Adada yapılacak tonla şey var. Bunları yapmak için ise etraftan gerekli malzemeleri toplamanız gerekiyor. Bazı anlarda bir tefeci gibi üzerinize düşen Tom Nook ve ekibi yardımınıza koşsa da kilit nokta hep siz oluyorsunuz. İlk etapta küçük bir çadır ile başlayan bu ada maceranız kısa bir süre sonra kocaman bir kasabaya dönüşüyor. Komşularınız oluyor, adaya bir market açılıyor, hatta demin de söylediğim gibi devasa bir müzeye sahip oluyorsunuz. Yakaladığınız ya da bularak bağışladığınız canlıların, fosillerin bu müzede sergilenmesi size de gurur vermeye başlıyor. Bu arada müze diyince aklınıza ufak bir şey gelmesin. Animal Crossing’te fizik ve gerçeklik kuralları biraz farklı işlediği için dışardan ufak gibi dursa da içerisine girdiğinizde üç bölüme ayrılmış devasa bir müze ile karşılaşıyorsunuz. 

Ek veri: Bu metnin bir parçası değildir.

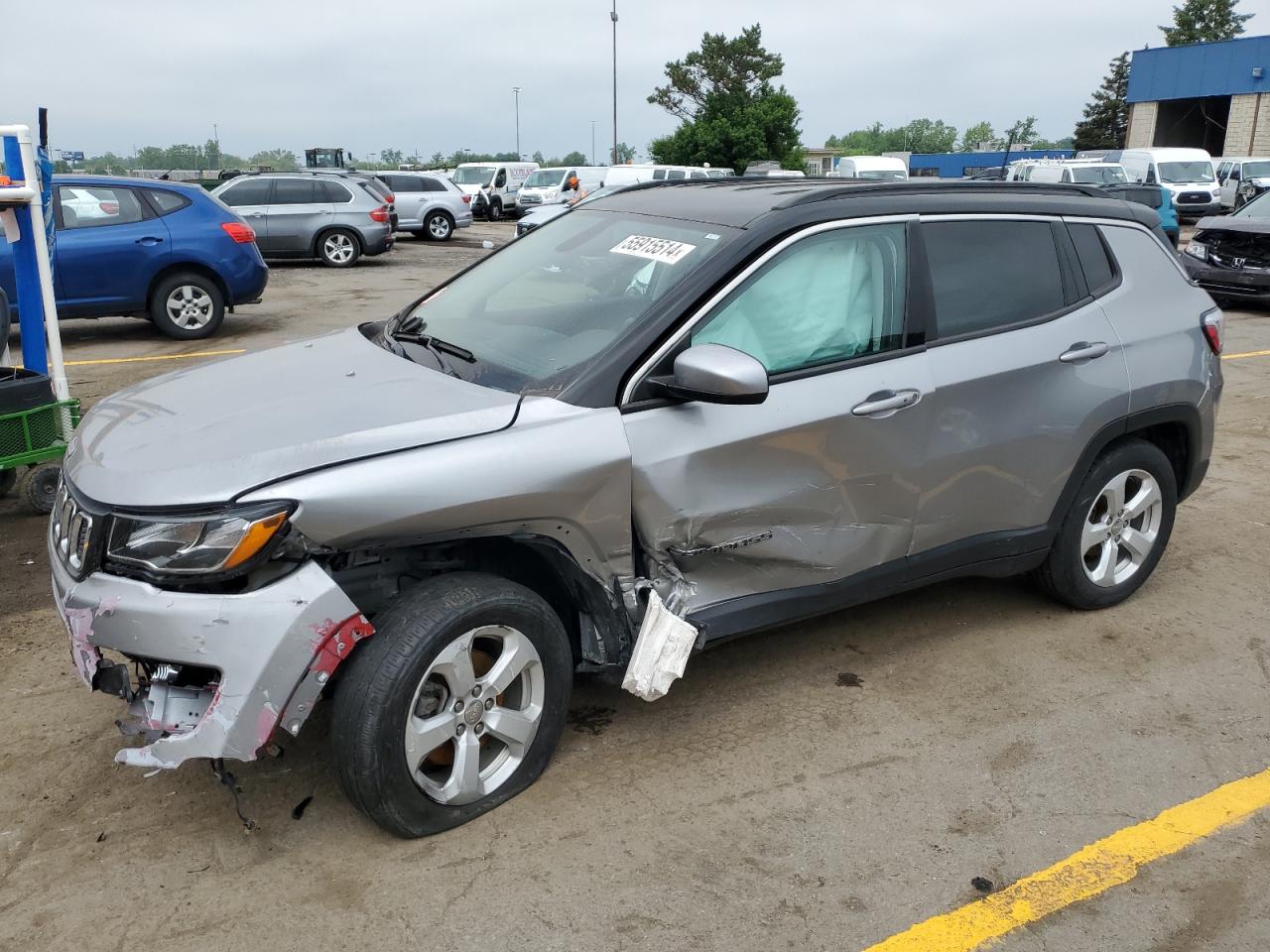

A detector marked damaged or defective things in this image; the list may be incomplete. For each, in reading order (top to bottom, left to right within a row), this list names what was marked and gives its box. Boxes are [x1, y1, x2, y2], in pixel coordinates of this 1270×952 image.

Craft sistemi oyunun da belkemiğini oluşturmuş. Hem tüm bu eşyaları ortaya çıkartmak için hem de günlük kullanımda yardımınıza koşan olta, balta, kürek gibi alet, edavat için craft sistemine baş vuruyorsunuz. Oyun başında sadece balık, meyve ya da dal peşinde koşarken oyundaki eşya sayısı o kadar çok artıyor ki bu gelişimin ne kadar geniş çaplı olduğu, adadaki değişimi de beraberinde getiriyor. Hatta ilerleyen aşamalarda toprak üzerinde yapacağınız değişikliklerle birlikte “Bu ada benim ve ben nasıl istersem öyle olacak” olgusu da beraberinde geliyor. 

Tabi adadaki düzeni geliştirmek için farklı adalara, hatta diğer oyuncuların adalarına da seyehat edebiliyorsunuz. Mesela oyunun başında benim adamda sadece kiraz ağaçları bulunuyordu. Diğer oyuncular ve ada ziyaretleri ile birlikte adaya şeftali, elma, hatta hindistan cevizi ağaçları bile dikebildim. Yine aynı şekilde hem NPC karakterler ile hem de diğer oyuncular ile iletişime girmek mümkün. Onları adanıza davet edip, topladığınız meyvelerden ikram edebiliyor, müzede topladığınız fosiller ile hava atabiliyor ya da birlikte mehtabın tadını ateş başında çıkarabiliyorsunuz. Bu arada turp inanılmaz değerli arkadaşlar. Haftanın bazı günleri daha yüksek fiyatlardan satılan turpların, zamanla kara borsaya bile düştüğüne şahit olabiliyorsunuz. Yeri gelmişken her NPC’nin ayrı bir kişiliği var ve onlarla da sürekli iletişim halinde olmanız gerekmekte. Benim favorim ise müze müdürü olan Blathers. Biraz önce de belirttiğim gibi fosil, börtü böcük ne varsa toplayıp götürebileceğiniz Blathers oldukça bilgili bir abimiz. Her ne kadar çoğu zaman uykuya yenik düşse de topladığınız böcek, fosil ya da kelebekler hakkında verdiği bilgiler, oyunun bir yandan da ne kadar eğitici olduğunu gözler önüne seriyor. 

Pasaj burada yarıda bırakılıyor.